Thursday, January 17, 2013

"Horse Walks Into A Bar..."

Horse walks into a bar. Bartender says, “ Hey buddy, why the long face? “

This was one of the first jokes I remember being told when I was a kid. I was probably 9 or 10 years old, and I thought it was hilarious. A simple play on words. I must have told that joke a hundred times to my 10 year old buddies but to my great dismay, hardly any of them thought it was funny. Then I would try to explain to them why it was such a great joke, about the role of the bartender as a confident, someone who people tell their troubles to, someone who’s job it is to cheer you up, and about the shape of a horse’s face. They still didn’t get it, and even when they did they would usually say something like, “ Dunnevant, you’re weird. That joke blows.” The lesson I learned at age ten was that humor was in the eye of the beholder.

A few years later, when all my friends were into rock and roll, my brother taught me to play three chords on a beat up guitar with only five strings. Although I was a huge fan of rock and roll myself, one day when I was 14 I rode home from a baseball game with a friend. His Mom was listening to one of those horrible classical music stations on the radio when I heard the most amazing guitar playing I had ever heard. Some guy was going to town playing some 200 year old song and I was transfixed. I heard the announcer say, “That was Christopher Parkening playing Bach’s Cello Suite # 1 in G Major”. Within a week I had joined Columbia House record club and in my welcome package of 8 free records, there was Christopher Parkening introducing me to classical music. I wore out that record, scratched it up to within an inch of it’s life over the next few years teaching myself how to play classical guitar. None of my buddies got it. “ Dunnevant, you’re weird. That music blows.” Age 14 taught me that musical taste was in the ear of the beholder.

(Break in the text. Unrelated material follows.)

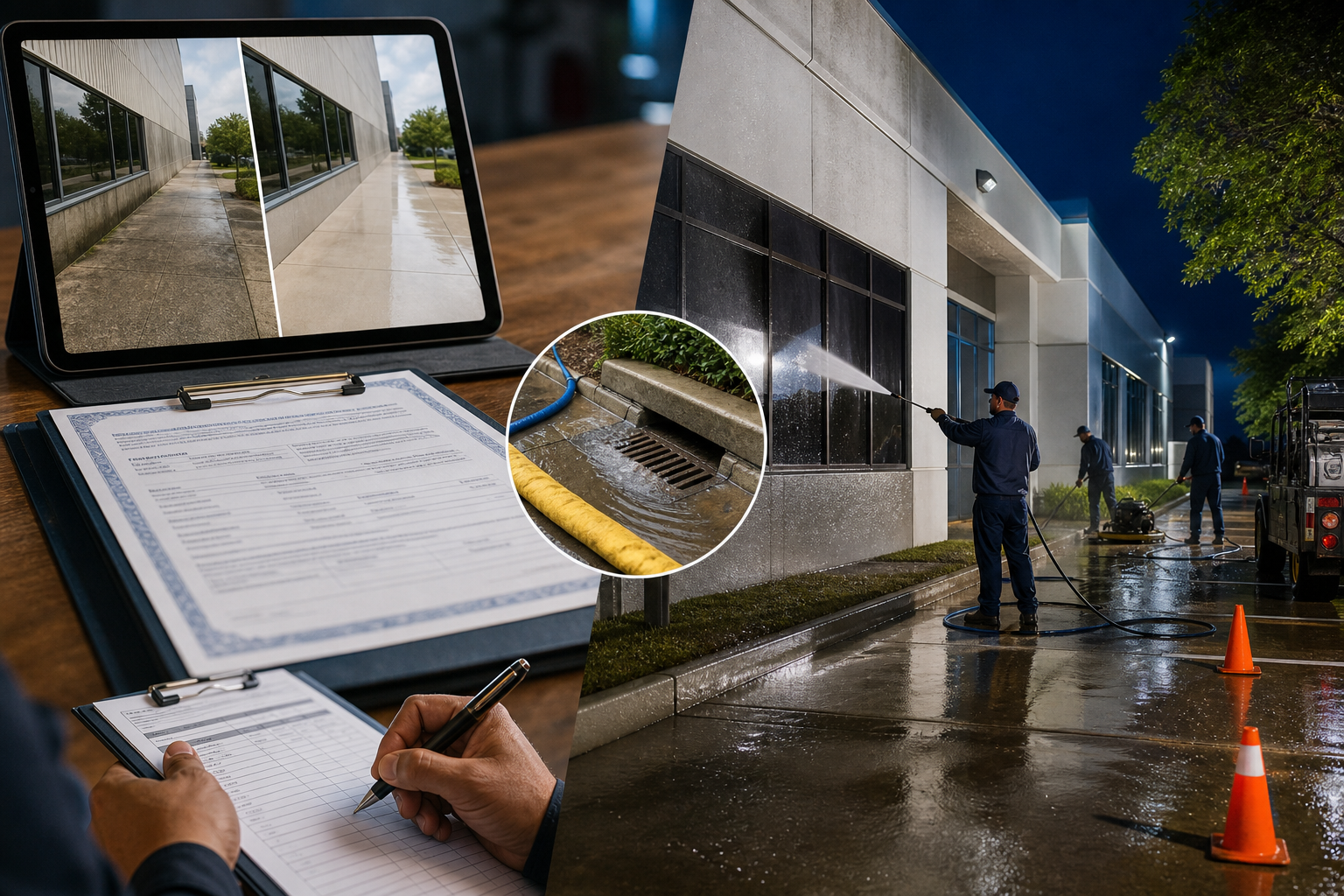 Commercial cleaning process with photo documentation, insurance paperwork, and after-hours scheduling support.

Later on, I became enthralled with baseball at about the time that it began to fall from favor. The whole country was going bananas over football and I was busy memorizing the starting lineup of the 1983 Atlanta Braves. It got so bad, I would call the hot line at the Times-Dispatch at 6:30 in the morning to get the west coast scores. Pathetic.

54 years in, I can say with complete confidence that my interests and sensibilities have never been aligned with the world around me. I can never manage to get on the same page with the dominate culture in which I live. Square peg, round hole.

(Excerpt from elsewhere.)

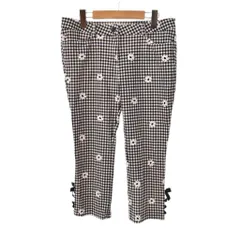 ギャラリービスコンティ GALLERY VISCONTI テーパードパンツ スラックス チェック 花柄 3 黒 ブラック ■ECC001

“ Dunnevant, you’re a businessman. How come you hate Donald Trump? You’re an investment advisor, how come you detest Wall Street? You own your own business, how come you can’t stand Republicans? You’re a World War Two loving patriot, how come you want us to cut the defense budget and bring all of our troops home? You’re a serious Christian, how come you

 don’t like church?”

I have no answer to any of these questions.

“Dunnevant, you’re weird and this blog-post blows!”